Referências a xingamentos homofóbicos estão presentes em todas as torcidas dos times da Série A do Brasileiro. Há várias outras músicas que acompanham o mesmo tom do grito no tiro de meta. São-paulinos cantam sobre ex-jogadores do Corinthians, em "Gavião virou o Beija-Flor":

Gavião virou o Beija-Flor
Gambá, me diz como se sente
Por que você gosta de beijar?
Ronaldo saiu com dois travecos
O Sheik selinho ele foi dar
Vampeta posou pra G
Dinei desmunhecou
Na Fazenda de calcinha ele dançou
Não adianta argumentar
Todo mundo já falou
Que o gavião virou um beija-flor

Canção que os corintianos respondem da seguinte maneira, em "Vai para cima delas, Timão":

Vai pra cima delas
Ôôôôôôôôôôôôôôôôô
Vai pra cima delas, Timão!
Da bicharada!
Ôôôôôôôôôôôôôôôôô.
Vai pra cima delas, Timão!
Da bicharada!

No Paraná, os apoiadores do Coritiba têm um jeito próprio de se referir aos rivais do Atlético-PR:

Atleticano porco
Atleticano porco
Filho da puta
Rebola, que eu vou comer sua bunda
Nasceu no chiqueiro,
não tem onde dormir
E quando acha graça,
não tem dente para rir
Pau no cu do Atlético
Cuzão!

Cântico que atleticanos paranaenses retrucam com mais injúrias homofóbicas.

Atirei o pau nos coxa
E mandei tomar no cu
Coxarada filha da puta
Chupa rola e dá o cu
Ei, Coxa! Vai tomar no cu

Mesmo quando o canto é de comemoração, há xingamentos motivados por orientação sexual ou gênero. Em "87 é nosso", sobre o título brasileiro reivindicado pelo Sport junto ao STF, torcedores chamam o rival Náutico de "putas da Barbie".

87 é nosso
87 é nosso,
2008 também
Não somos as putas da Barbie,
que nunca ganham de ninguém.
Ôôô, ô, ô, ô, ôôôôô

Rotular um jogador ou uma agremiação como homossexual é uma prática encarada como ofensa entre os torcedores.

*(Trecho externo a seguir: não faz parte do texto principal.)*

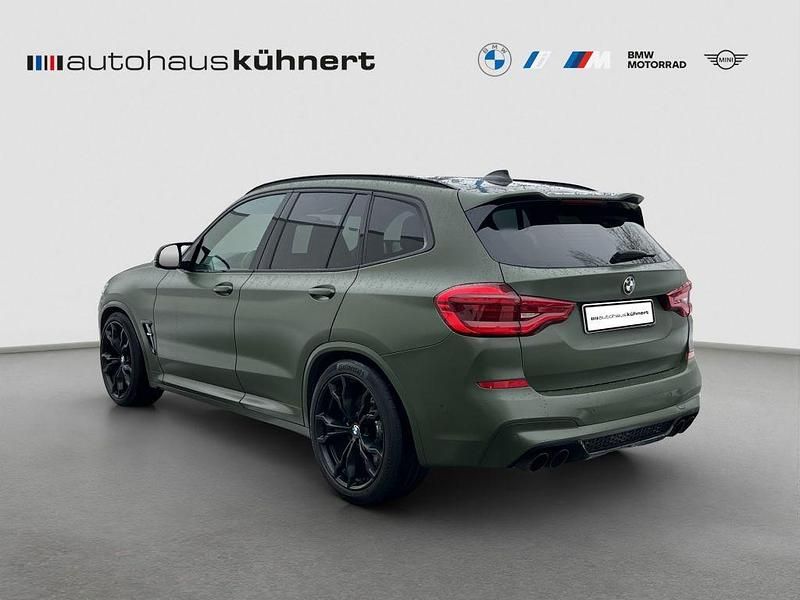 Gebraucht BMW X3 M Competition Edition 510 PS (375 kW) 2021 Weiß SUV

Mais do que impulsionar o time, é uma maneira de diminuir o rival, segundo o pesquisador da UFRGS (Universidade Federal do Rio Grande do Sul) sobre masculinidade no esporte, Gustavo Andrada Bandeira.

"O espaço do futebol foi construído como um lugar de representação das masculinidades", afirma. Ele diz que características de virilidade que são atribuídas ao universo dos homens, como força, coragem e resistência, são exaltadas por torcedores nos atletas.

"O esporte demonstra o que é adequado ou não sobre o que é ser homem neste espaço. Os torcedores reivindicam para si qualquer coisa que reforce essa virilidade", acrescenta.

Mas manifestações homofóbicas são uma prática antiga na modalidade, de acordo com Bandeira.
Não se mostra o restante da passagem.